What to produce: Scan the records below and report how many lines include the string "Building"; the number alone will do.
*** Opening Source information ***
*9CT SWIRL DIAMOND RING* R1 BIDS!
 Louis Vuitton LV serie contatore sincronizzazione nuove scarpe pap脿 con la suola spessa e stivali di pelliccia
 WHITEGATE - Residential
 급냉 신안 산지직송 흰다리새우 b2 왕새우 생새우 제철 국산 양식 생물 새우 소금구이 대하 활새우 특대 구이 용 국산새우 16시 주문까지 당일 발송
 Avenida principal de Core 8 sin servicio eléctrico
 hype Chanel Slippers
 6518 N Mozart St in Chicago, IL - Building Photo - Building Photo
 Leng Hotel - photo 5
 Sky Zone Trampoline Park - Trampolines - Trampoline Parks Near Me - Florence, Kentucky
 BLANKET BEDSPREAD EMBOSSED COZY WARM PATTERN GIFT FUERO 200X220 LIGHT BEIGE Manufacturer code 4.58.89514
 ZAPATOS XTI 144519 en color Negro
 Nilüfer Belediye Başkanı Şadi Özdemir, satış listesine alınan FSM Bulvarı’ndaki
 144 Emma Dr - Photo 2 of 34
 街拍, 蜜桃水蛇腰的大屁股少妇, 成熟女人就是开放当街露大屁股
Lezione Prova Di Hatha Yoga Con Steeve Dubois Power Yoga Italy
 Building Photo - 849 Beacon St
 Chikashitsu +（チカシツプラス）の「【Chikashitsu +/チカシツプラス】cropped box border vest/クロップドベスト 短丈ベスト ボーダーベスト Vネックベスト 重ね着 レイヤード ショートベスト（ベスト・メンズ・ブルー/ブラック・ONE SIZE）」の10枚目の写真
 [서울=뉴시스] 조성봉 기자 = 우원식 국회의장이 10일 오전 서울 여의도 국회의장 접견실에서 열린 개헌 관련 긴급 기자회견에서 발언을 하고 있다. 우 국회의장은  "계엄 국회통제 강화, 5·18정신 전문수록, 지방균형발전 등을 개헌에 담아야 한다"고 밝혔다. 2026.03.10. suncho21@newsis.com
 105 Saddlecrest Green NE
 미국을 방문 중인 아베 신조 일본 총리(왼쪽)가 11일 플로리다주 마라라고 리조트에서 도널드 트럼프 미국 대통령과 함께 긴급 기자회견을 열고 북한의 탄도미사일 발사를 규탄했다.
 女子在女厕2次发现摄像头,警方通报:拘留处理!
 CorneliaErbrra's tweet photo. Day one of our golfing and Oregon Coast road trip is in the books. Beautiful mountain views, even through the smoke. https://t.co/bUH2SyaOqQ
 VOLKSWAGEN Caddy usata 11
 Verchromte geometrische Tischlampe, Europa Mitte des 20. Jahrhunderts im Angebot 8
*** Closing Source information ***
Exercise answer: 2